Another problem in prior art methods for replicating alignment marks is the relative contrast of the alignment marks which are detected by an auto-imaging system. For example, a Helium-Neon laser having a wavelength between about 500 nm to about 630 run and which neutrally affects photoresists, is typically used as the light source in an alignment process. Many dielectric films are transparent in this wavelength range thereby presenting little interference with reflections from an underlying alignment mark area, typically having a higher extinction coefficient material to provide contrast producing reflections. During the processing of several levels in a multi-level semiconductor device, the alignment mark areas frequently are covered with high extinction coefficient materials such as SiGe, silicon carbide (e.g., SIC), silicon oxynitride (e.g. SiON), metal salicides, polysilicon, and metallic layers. While the alignment mark trenches are frequently not completely covered thereby losing their definition, the sharpness of the definition is decreased. As overlay budgets approach 20 to 30 nanometers for 0.10 micron critical dimensions and lower, a small decrease in the definition of the alignment marks by overlayers of high extinction coefficient materials is increasingly detrimental to overlay accuracy. In many cases an additional step to photolithographically pattern and etch the alignment mark area is economically prohibitive in terms of process cycle time and material cost.

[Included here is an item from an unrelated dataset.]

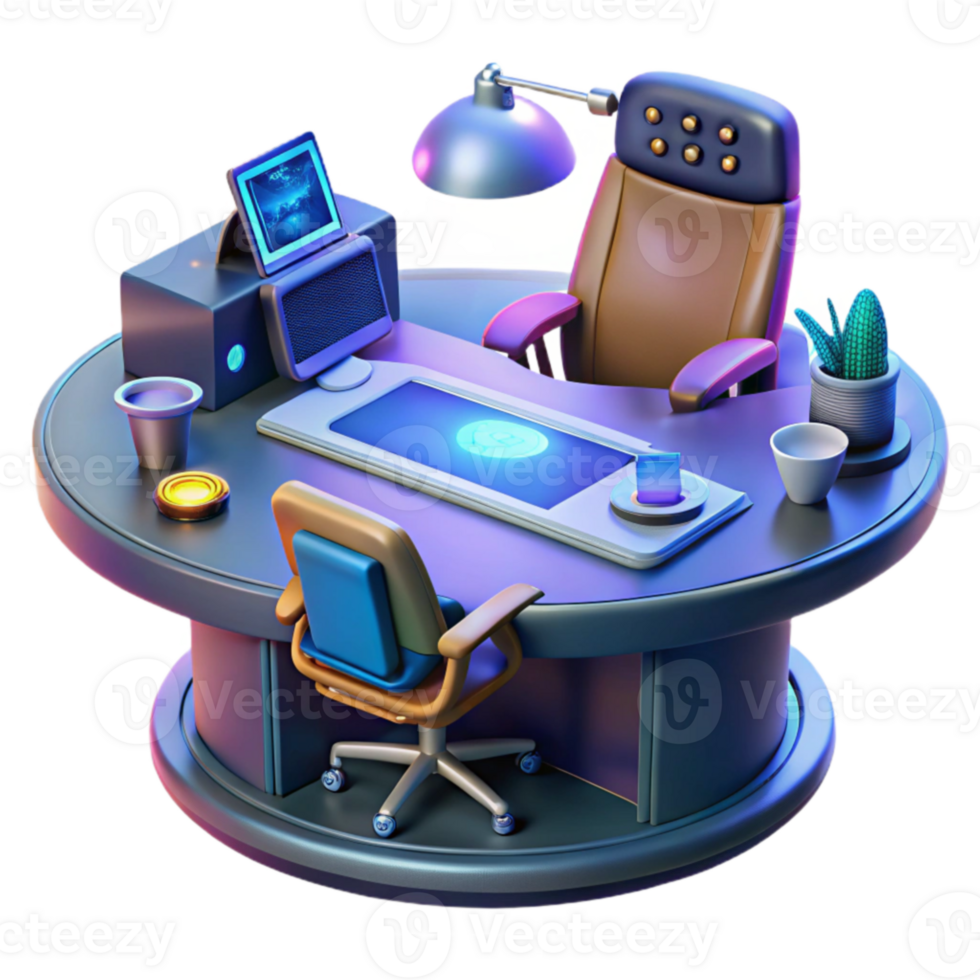 magnificent abstract Modern Office Workspace Setup Desk, Chair, Tech original png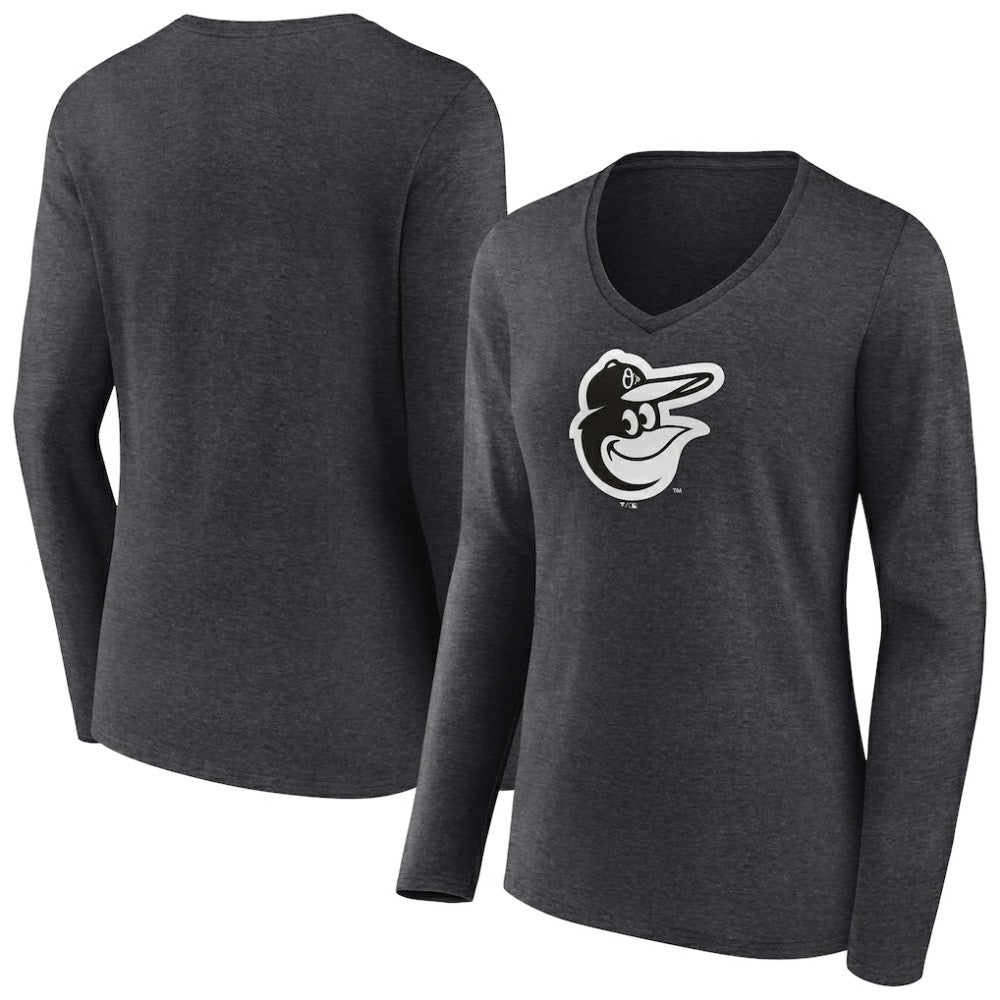 Baltimore Orioles Women's Monochrome Long Sleeve V-Neck T-Shirt | MLB For sale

Therefore, there is a need in the semiconductor processing art to develop an improved method for selectively etching alignment mark areas to replicate alignment marks such that costly process wafer photolithographic and etching process cycles may be avoided while improving high definition alignment mark optical contrast for improved overlay accuracy.
It is therefore an object of the invention to provide an improved method for selectively etching alignment mark areas to replicate alignment marks such that costly process wafer photolithographic and etching process cycles may be avoided while improving high definition alignment mark optical contrast for improved overlay accuracy including overcoming other shortcomings of the prior art.